We walk back along the beach until we end up at the hotel. It’s built into the cliff face with a view over the sea. A warm breeze swirls around us and rustles the leaves on the olive and lemon trees that dot the terracotta balcony.

The inside of the building is white with blue and terracotta accents everywhere. The bathroom is full of vintage blue and white Positano tile.

I rinse my hands and face in the sink, the summer night heat clinging to every pore. Gray is emptying tiny bottles of spirits into tumblers when I return to the main room. He hands me one. “Have you considered changing schools? You could go back to the good old U of C. Finish your doctorate there.”

“Have you ever been uncertain of what you want to do, Gray?” I take the drink he offers and move to the balcony where I sip the vodka.

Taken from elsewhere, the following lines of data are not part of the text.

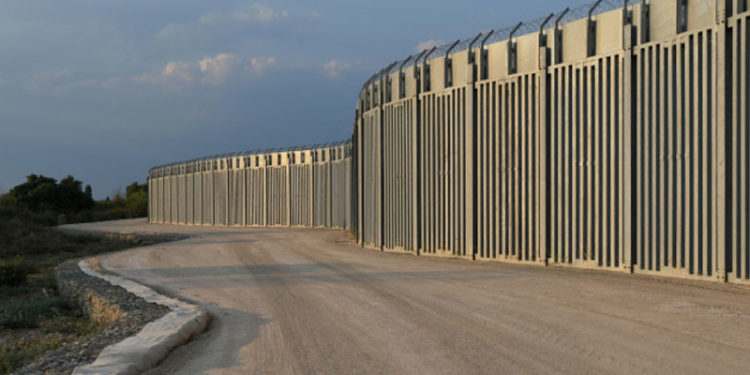 Yunanistan, Türkiye sınır duvarını 40 kilometre uzunluğuna çıkardı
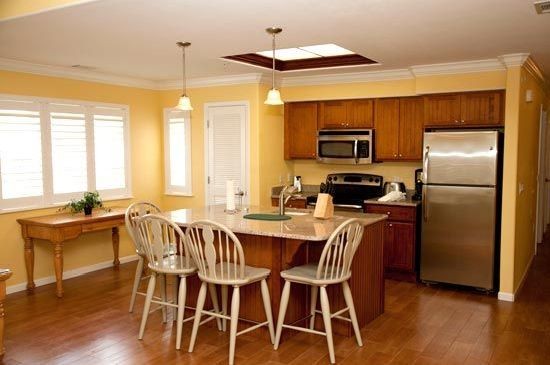 Loading Resort Image...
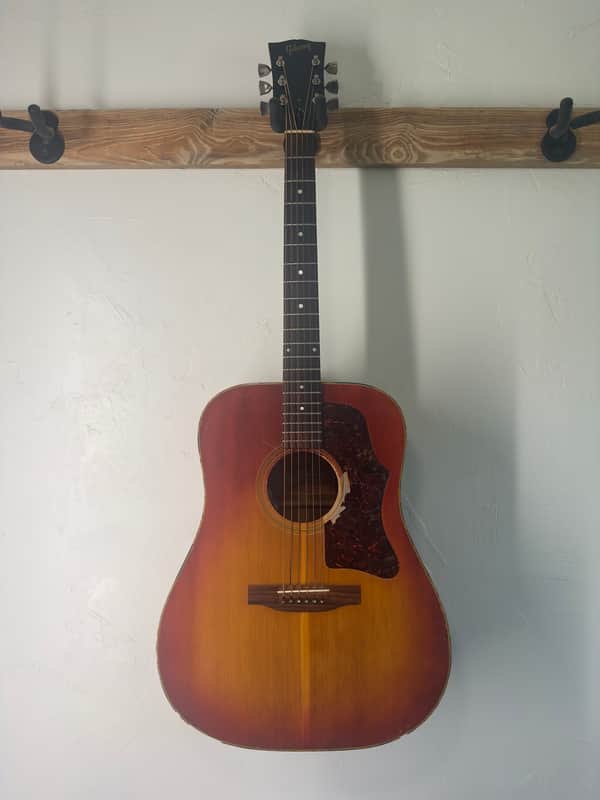 Gibson J-45 Deluxe 1972 Cherry Sunburst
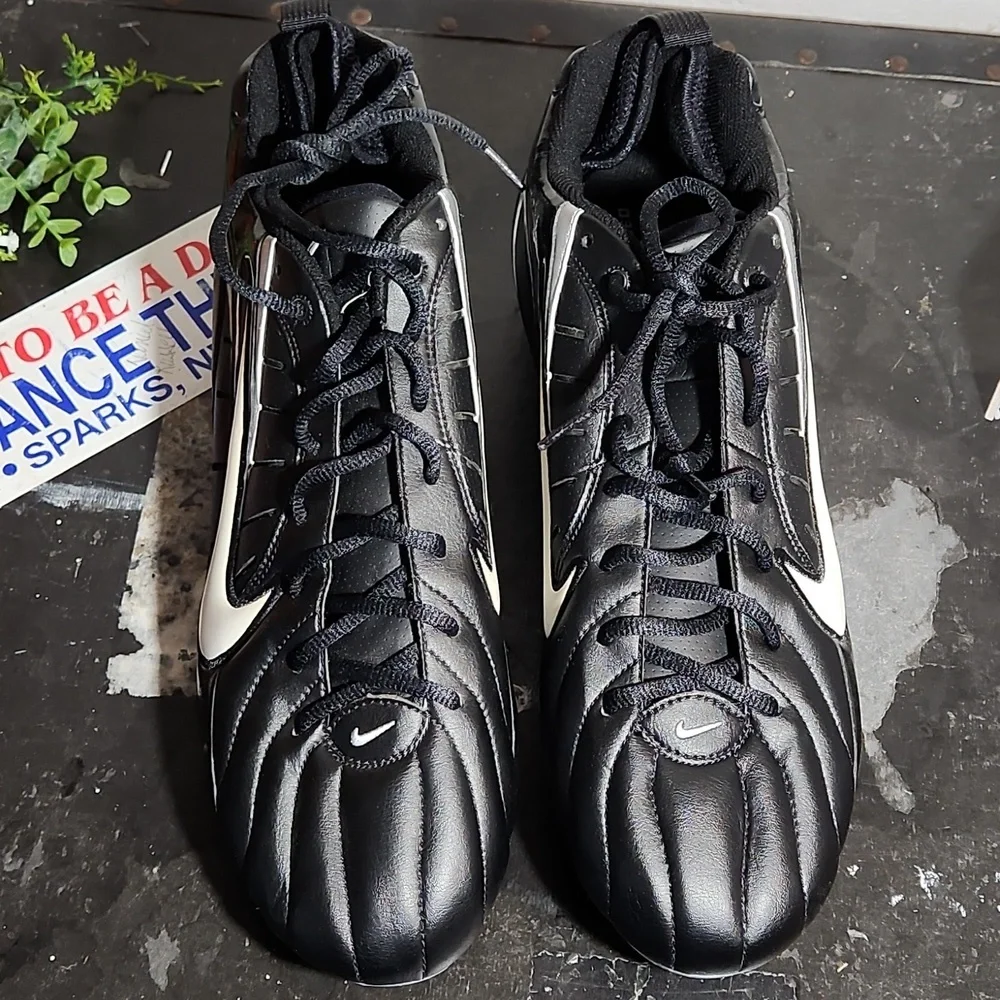 NIKE Suoer Speed Football Cleats 15 Nwot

He’s always seemed so certain. He loved baseball, but couldn’t play professionally, so he became a sports agent. His choices are far more logical than mine.

I’m fluent in a half dozen languages, thanks to my parents nurturing my ability to hear and pick up a language almosteffortlessly. I have a decent understanding of Latin. Yet… I don’t know that the logical choice is the right one anymore. “I thought I wanted to build a career around languages, but I can’t manage to communicate openly with the people in my life.”

“You can practice on me.” He takes a seat in a wrought iron chair, his own drink resting on the top of his thigh. “Tell me what you need to say to them.”

I catch a glimpse of him watching me. Those blue eyes, that lush mouth with its bottom lip meant to be nibbled on. His thumb moves idly over the condensation on the side of his glass. It used to be a lot easier to ignore the things I liked about him when Indy was between us.

Swallowing, I retrain my focus on the sea, and then the hotel pool below. It looks inviting as I roll my glass over my feverish skin. “I can’t.”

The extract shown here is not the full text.